J Am Pharm Assoc (2003). 2021 Sep-Oct;61(5):596-604. doi: 10.1016/j.japh.2021.04.017. Epub 2021 Apr 30.
Over the past 2 decades, pharmacists have positioned immunization services as an important aspect of their expanding role in patient care.
To examine how community chain pharmacists view time spent on immunization, available in-store resources and barriers, and pharmacy technician involvement in the context of their views about the achievement of key National Vaccine Advisory Committee (NVAC) Standards of Adult Immunization Practice in their workplace.
A representative, nationwide survey was administered electronically to chain community pharmacists over a 4-week period. Community pharmacists offering year-round immunization in retail chain, supermarket, and mass-merchant settings, randomly sampled from a database maintained by the American Pharmacists Association. We examined several sets of interrelated relationships regarding pharmacists' perceived achievement of 3 key NVAC standards (assessment, recommendation and administration), time spent on the overall immunization process, the effectiveness of available in-store resources, immunization impediments, and the endorsement of increased technician involvement in community pharmacy-based immunization service (PBIS) delivery.
A sample of 590 survey responses was obtained from 9717 e-mails delivered, with 489 deemed eligible (5% response rate). Sizeable numbers of pharmacists acknowledged that several activities integral to achieving optimal immunization levels were not being addressed. Although pharmacists accepted that appropriately trained pharmacy technicians should be able to ask (77%) and assess (66%) patients, only 24% agreed that technicians should be able to administer vaccine doses. Pharmacists satisfied with in-store immunization resources and technicians' involvement were more likely to report achieving the 3 key NVAC standards. Paradoxically, how pharmacists viewed their immunization time expenditures was unrelated to whether they agreed that pharmacy technicians should have an expanded role in asking, assessing, or administering vaccines to their patients.
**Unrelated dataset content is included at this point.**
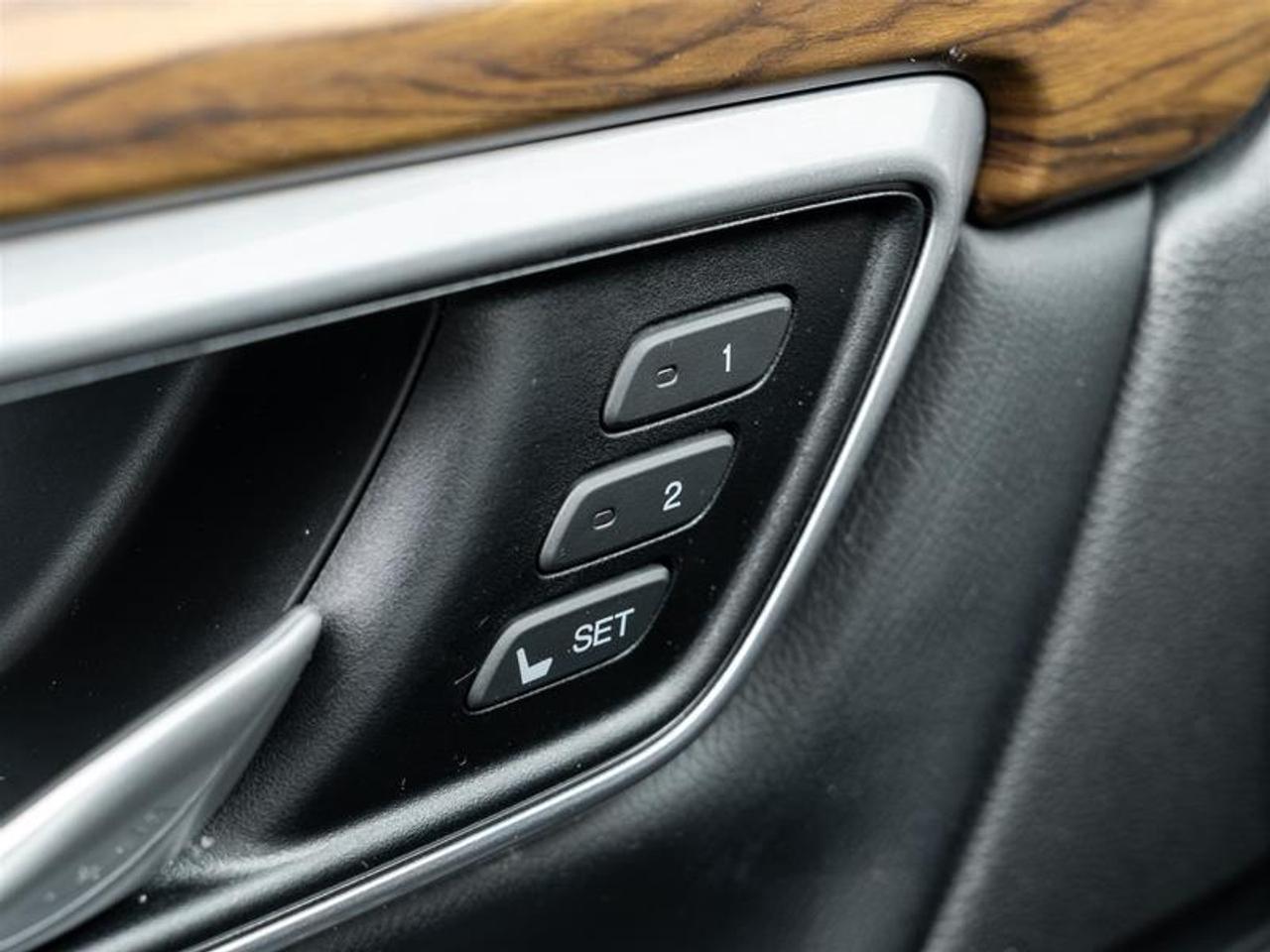 2018 Honda CR-V Touring 4dr All-wheel Drive Photo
Overall, community pharmacies would likely better meet national immunization goals by achieving all 3 key NVAC standards and incorporating expanded roles for appropriately trained and supervised technicians in PBIS.
在过去的 20 年中,药剂师将免疫服务定位为其在患者护理中扩大作用的重要方面。
研究社区连锁药剂师如何看待在免疫方面所花费的时间、可利用的店内资源和障碍,以及药剂师在其工作场所对实现国家疫苗咨询委员会(NVAC)成人免疫实践关键标准的看法中,对药房技术员参与的看法。
在 4 周的时间内,通过电子方式向连锁社区药剂师进行了一项具有代表性的全国性调查。从美国药剂师协会维护的数据库中随机抽取了在零售连锁店、超市和大型零售商环境中全年提供免疫服务的连锁社区药剂师。我们研究了几组相互关联的关系,涉及药剂师对 3 项关键 NVAC 标准(评估、建议和管理)的感知实现程度、在整个免疫过程上花费的时间、可用店内资源的有效性、免疫障碍以及对增加在社区药剂师主导的免疫服务(PBIS)提供方面增加技术员参与的认可。
从发送的 9717 封电子邮件中获得了 590 份调查回复的样本,其中 489 份被认为符合条件(5%的回复率)。相当数量的药剂师承认,一些对实现最佳免疫水平至关重要的活动尚未得到解决。尽管药剂师认为受过适当培训的药房技术员应该能够询问(77%)和评估(66%)患者,但只有 24%的药剂师同意技术员应该能够接种疫苗。对店内免疫资源和技术员参与感到满意的药剂师更有可能报告实现 3 项关键 NVAC 标准。矛盾的是,药剂师如何看待他们的免疫时间支出与他们是否同意药房技术员在询问、评估或向患者接种疫苗方面应发挥更大作用无关。
总体而言,通过实现所有 3 项关键 NVAC 标准,并在 PBIS 中纳入经过适当培训和监督的技术员的扩展角色,社区药房可能更能满足国家免疫目标。